“You promised me the first dance,” he breathlessly informed Gail. He had been walking rapidly.

“Are they ready?” she inquired, stepping a pace away from Dick.

“Well, the musicians are coming in,” evaded Cunningham, tucking her hand in his arm.

“I’ve the second one, remember, Gail,” Dick reminded her, as he glanced around the ballroom for his own partner, but Gail distinctly felt his eyes following her as she walked away with Cunningham.

“I know now of what your profile reminds me,” Cunningham told her; “the Charmeaux ‘Praying Nymph.’ It is the most spiritually beautiful of all the pictures in the Louvre.”

“I wonder which is the stronger emotion in me just now,” she returned; “gratified vanity or curiosity.”

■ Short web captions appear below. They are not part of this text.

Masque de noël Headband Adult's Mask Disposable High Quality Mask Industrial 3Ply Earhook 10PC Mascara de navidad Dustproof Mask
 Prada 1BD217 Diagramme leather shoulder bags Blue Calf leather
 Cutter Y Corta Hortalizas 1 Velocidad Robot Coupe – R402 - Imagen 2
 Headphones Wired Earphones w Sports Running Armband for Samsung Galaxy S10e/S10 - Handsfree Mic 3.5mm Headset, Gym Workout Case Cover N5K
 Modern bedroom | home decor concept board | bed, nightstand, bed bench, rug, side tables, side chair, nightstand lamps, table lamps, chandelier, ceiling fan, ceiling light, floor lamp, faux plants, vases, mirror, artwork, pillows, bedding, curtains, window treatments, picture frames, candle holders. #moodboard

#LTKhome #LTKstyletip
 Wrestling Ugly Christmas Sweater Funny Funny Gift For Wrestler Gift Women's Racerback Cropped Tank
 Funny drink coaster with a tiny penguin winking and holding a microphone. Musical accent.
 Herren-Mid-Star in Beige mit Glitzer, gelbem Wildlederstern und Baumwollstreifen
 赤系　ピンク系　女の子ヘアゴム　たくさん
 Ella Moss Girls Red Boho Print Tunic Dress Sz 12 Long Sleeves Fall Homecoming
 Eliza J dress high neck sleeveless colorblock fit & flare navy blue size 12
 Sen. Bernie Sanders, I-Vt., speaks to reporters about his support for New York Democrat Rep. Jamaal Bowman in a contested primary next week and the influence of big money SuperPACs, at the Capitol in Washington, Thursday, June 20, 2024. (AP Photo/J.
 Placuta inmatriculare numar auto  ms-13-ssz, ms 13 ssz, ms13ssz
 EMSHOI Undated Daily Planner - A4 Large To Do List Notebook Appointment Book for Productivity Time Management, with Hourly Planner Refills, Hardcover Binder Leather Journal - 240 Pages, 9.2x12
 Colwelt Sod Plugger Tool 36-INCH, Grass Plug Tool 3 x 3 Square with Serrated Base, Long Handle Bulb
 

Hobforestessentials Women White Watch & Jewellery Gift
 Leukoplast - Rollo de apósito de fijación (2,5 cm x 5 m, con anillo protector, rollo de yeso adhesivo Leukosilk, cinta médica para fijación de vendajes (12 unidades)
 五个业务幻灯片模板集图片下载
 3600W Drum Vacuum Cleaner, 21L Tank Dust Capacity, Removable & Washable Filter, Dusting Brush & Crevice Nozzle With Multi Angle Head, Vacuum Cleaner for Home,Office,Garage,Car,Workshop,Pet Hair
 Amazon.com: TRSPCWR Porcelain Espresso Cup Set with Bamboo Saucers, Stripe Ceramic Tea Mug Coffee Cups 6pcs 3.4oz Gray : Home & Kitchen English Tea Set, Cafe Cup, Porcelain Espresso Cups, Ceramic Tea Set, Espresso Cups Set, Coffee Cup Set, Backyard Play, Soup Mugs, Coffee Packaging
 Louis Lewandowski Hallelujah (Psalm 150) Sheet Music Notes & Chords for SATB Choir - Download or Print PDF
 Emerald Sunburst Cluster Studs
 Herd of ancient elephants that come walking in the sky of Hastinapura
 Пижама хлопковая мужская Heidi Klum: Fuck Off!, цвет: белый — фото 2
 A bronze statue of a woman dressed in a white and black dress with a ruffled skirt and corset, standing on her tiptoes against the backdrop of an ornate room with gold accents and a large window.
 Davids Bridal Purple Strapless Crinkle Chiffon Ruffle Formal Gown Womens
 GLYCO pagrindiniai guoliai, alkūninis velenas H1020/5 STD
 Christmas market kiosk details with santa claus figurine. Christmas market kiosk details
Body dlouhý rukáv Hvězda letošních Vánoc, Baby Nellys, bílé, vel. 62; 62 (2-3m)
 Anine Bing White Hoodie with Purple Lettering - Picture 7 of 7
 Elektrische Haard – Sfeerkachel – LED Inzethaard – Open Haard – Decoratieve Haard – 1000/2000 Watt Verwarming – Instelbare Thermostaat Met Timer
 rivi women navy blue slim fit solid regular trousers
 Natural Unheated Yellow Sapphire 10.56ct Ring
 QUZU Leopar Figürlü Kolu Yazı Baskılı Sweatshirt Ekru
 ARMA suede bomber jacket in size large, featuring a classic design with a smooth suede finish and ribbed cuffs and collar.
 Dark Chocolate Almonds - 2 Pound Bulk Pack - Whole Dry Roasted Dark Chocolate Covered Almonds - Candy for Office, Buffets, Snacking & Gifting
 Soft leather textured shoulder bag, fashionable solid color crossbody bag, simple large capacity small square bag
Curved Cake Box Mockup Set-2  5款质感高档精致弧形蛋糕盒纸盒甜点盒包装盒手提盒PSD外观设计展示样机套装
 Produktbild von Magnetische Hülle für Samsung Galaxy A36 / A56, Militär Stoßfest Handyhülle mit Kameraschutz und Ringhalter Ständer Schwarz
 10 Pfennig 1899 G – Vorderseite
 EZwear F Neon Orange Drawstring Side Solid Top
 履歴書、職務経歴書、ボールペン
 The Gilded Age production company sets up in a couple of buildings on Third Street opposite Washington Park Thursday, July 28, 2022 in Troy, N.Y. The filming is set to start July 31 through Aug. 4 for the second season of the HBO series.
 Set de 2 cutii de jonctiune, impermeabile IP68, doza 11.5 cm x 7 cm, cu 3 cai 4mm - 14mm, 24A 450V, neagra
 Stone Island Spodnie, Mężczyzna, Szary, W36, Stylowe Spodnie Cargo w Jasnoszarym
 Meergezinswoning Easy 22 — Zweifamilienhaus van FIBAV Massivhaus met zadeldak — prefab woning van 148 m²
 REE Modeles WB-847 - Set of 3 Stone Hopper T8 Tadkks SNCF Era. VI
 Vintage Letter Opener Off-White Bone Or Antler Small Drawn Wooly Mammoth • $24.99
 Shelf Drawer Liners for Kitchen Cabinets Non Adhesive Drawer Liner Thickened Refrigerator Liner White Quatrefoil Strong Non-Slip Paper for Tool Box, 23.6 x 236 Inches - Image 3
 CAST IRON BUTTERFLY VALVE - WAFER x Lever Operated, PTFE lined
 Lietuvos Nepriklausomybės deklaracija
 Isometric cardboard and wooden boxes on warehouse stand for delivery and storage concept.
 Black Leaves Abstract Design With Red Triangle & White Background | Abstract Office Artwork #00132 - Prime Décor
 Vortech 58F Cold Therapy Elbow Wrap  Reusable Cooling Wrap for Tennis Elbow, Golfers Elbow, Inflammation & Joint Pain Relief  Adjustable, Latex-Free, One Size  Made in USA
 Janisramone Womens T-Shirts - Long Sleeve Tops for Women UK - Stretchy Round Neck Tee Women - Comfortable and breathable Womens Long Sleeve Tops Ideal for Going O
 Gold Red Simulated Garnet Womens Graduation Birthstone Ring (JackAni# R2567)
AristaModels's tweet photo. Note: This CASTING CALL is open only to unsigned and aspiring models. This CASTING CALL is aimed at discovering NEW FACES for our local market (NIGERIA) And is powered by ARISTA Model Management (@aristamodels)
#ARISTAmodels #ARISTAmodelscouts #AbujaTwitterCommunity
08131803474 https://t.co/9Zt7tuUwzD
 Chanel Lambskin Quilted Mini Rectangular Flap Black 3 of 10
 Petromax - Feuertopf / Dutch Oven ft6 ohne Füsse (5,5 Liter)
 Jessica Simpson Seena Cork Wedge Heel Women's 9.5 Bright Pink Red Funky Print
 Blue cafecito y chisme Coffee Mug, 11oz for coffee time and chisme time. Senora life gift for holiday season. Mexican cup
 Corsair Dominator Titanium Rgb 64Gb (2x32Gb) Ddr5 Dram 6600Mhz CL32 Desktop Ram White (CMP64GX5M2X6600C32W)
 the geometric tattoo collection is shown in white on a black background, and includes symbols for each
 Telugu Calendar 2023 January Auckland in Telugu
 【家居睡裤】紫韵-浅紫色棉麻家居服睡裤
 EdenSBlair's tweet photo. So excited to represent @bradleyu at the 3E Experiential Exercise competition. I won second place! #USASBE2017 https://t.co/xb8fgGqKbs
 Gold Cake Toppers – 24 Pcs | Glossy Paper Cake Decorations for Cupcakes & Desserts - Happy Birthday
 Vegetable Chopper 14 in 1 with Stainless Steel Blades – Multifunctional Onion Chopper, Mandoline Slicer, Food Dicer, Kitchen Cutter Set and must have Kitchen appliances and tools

“I hope it’s the latter,” smiled Cunningham. “I recall now a gallery in which there is a very good copy of the Charmeaux canvas, and I’d be delighted to take you.”

“I’ll go with pleasure,” promised Gail, and Cunningham turned to her with a grateful smile.

“I would prefer to show you the original,” he ventured.

“Oh, look at them tuning their drums,” cried Gail, and he thought that she had entirely missed his hint, that the keenest delight in his life would be to lead her through the Louvre, and from thence to a perspective of picture galleries, dazzling with all the hues of the spectrum, and as long as life!